DAYTONA BEACH, Fla. -- Saying, "You can look at the tea leaves as well as I can," NASCAR president Bill France announced yesterday that Mike Helton is the new senior vice president and chief operating officer of NASCAR and will be in charge of all day-to-day operations.

Helton, 45, had been vice president of competition. He is the first person outside the founding France family to assume control of the stock-car racing organization in its 51-year history.

"Mike will oversee all duties of NASCAR," said France, who will remain as president. "All departments will report to him. We needed to expand our management and I can't think of a better person.

"And, as you know, I'm 66, or I think I am, having been born in 1933. I'm still the president and I'll still be involved in some decisions -- but I hope the fish will be biting more. It's time for me to get out of the way. I believe in letting the young people have their chance."

France, whose son, Brian, is senior vice president and in charge of the marketing side, would not say who would succeed him when he totally retires and gives up his title.

"I'm not going to answer that," France said, then added: "This is a pretty good sign here."

Helton said he had no plans to immediately change anything.

France's father, Bill Sr., founded NASCAR in a Daytona Beach hotel in 1949. "Big Bill," as he was called, ran the sport with an iron hand until 1972, when he "more or less just walked out the door" and handed the reins to Bill Jr.

Green is in

Former Baltimore Colt Joe Washington and ex-NBA superstar Julius Erving can celebrate their Busch Grand National car making the field for Saturday's NAPA 300.

Driver Mark Green pushed his Chevrolet to 187.336 mph yesterday to capture the 29th spot in the field of 43.

"We're absolutely excited," said Washington, who will arrive here today. "We missed this race last year because we were rookies. Now, we've got good people who are working hard."

Maryland blues

A lot of Goody's Dash drivers had difficulty qualifying for tomorrow's Auto Parts 200, and that was bad news for two Maryland drivers. Both had hoped to get into the race on last year's points if they failed to find enough speed. Yesterday, the speed didn't come and the provisionals were gone, collected by three other needy teams in the 42-car field.

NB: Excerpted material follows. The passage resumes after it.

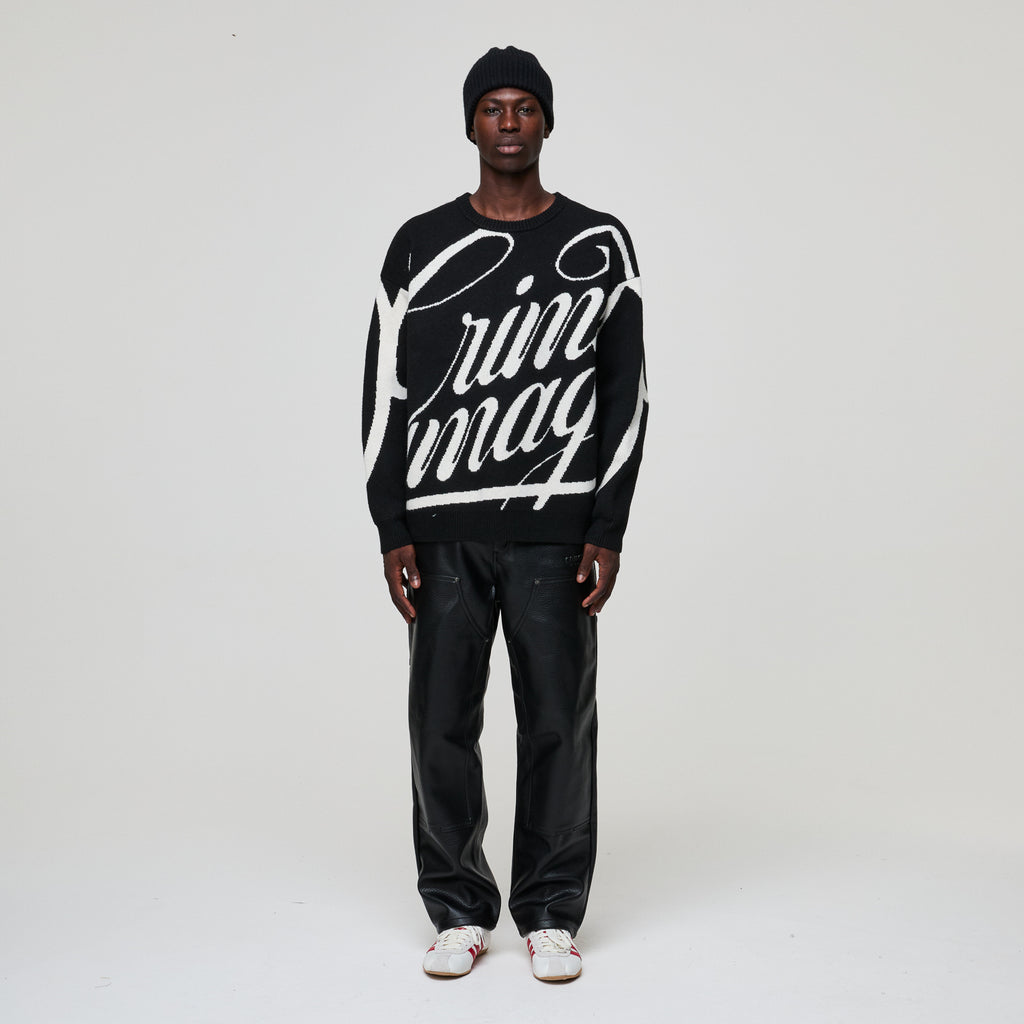Person wearing a black sweater with white text on a plain background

Steve Barnes of Westminster managed 151.983 mph in second-day qualifying, but that was only 48th-fastest, and Donnie Neuenberger of Brandywine failed to post a second-day speed when his accelerator cable came off the carburetor.

Barnes said his next race will probably be in Hickory, N.C., April 24, and Neuenberger's car owner, Larry Moore, said he expects Neuenberger to drive for him the entire season.

Diagnosis on Cody Unser

Al Unser Jr.'s 12-year-old daughter, Cody, has transverse myelitis, a rare condition that has paralyzed her legs.

Cody Unser, one of four Unser children, was hospitalized at New Mexico Health Sciences Center after falling ill during a school basketball game on Friday in Albuquerque. Her father has withdrawn from the IROC race.

Dr. Edward C. Benzel said it is unclear how soon she might improve.